The nine candidates in the February 19 presidential ballot made public their respective manifestos and held their first meetings with voters on January 21, the first day of the election campaign. Former President Levon Ter-Petrossian was the first to hit the campaign trail, with other major opposition candidates contenting themselves with news conferences and other indoor meetings. For his part, Prime Minister Serzh Sarkisian, widely regarded as the frontrunner, visited several of his campaign offices in Yerevan on January 21, before heading the following day to the southern district of Vayots Dzor, where he assured voters that if elected, he will double household incomes within five years.
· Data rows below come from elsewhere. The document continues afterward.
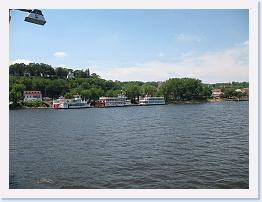 June - MN - River Boat - (49) * 3648 x 2736 * (2.83MB)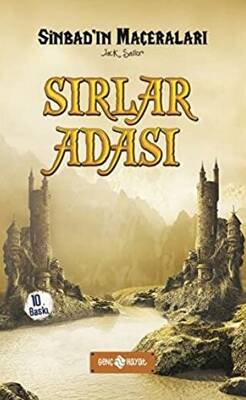 Kitap Sepeti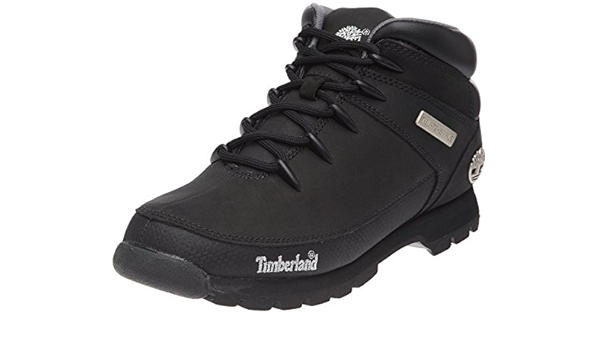timberland 6361r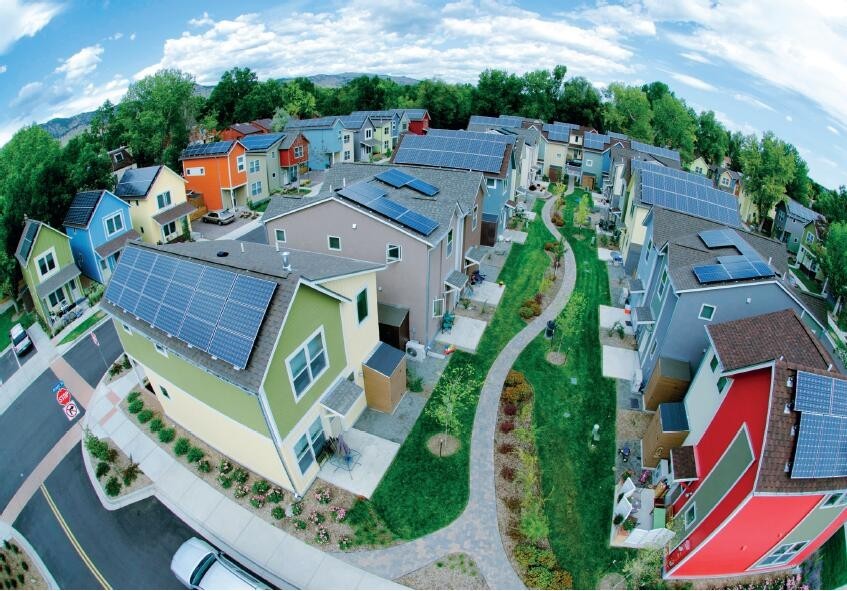 博天堂(918.com)官网-918博天堂,让你更杰出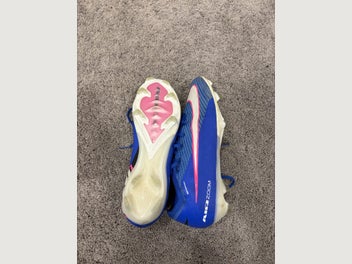 Image 1 of 5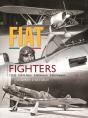 Fiat Fighters - Preview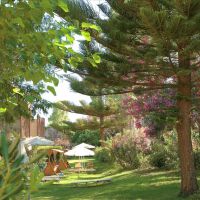 grecotel creta palace luxury resort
Ter-Petrossian spent January 21 touring towns and villages in central Armenia in a motorcade of about 40 cars that carried leaders of various opposition groups who support his presidential bid. His meetings attracted considerable interest from local residents who turned out to hear their former president speak publicly for the first time in over a decade. Addressing a crowd of several hundred at his first meeting in the town of Artik, the starting point of the campaign swing, Ter-Petrossian recalled the severe hardships people suffered during the first years of Armenia's independence, which coincided with the war in Nagorno-Karabakh and broader turmoil in the region. "I know that during my rule I did not live up to all of your expectations and hopes," he said. "There were disappointments, there was discontent, there were very harsh criticisms. I accept all of that.... And if you think that I am to blame for that, I apologize for my guilt," Ter-Petrossian added.

The ex-president issued a similar public apology at a big rally in Yerevan last November. He made it clear at the same time that he believes that the deprivations of the early 1990s were the inevitable cost of the Armenian military victory over Azerbaijan. "I have not come here to ask or beg for votes. That's Serzh's business because he has no votes in Armenia," Ter-Petrossian claimed on January 21, prompting chants of "Levon! Levon!" from the crowd.

Ter-Petrossian again sounded supremely confident of his victory as he spoke at a similar rally held in another small town, Aparan. "It's you, not me, who will win on February 19," he claimed in the town square opposite Sarkisian's local campaign headquarters. "I congratulate you on your victory in advance."

Ter-Petrossian's campaign office in Aparan is run by Razmik Petrosian, a former town mayor and a veteran of the Karabakh war. "Ter-Petrossian remains my commander-in-chief," he told RFE/RL. Other local residents too evoked Ter-Petrossian's wartime leadership of the country. "We have had only one victor in our history and that person is Levon Ter-Petrossian," said one man. "I will vote for Levon because he is an intelligent man," said another.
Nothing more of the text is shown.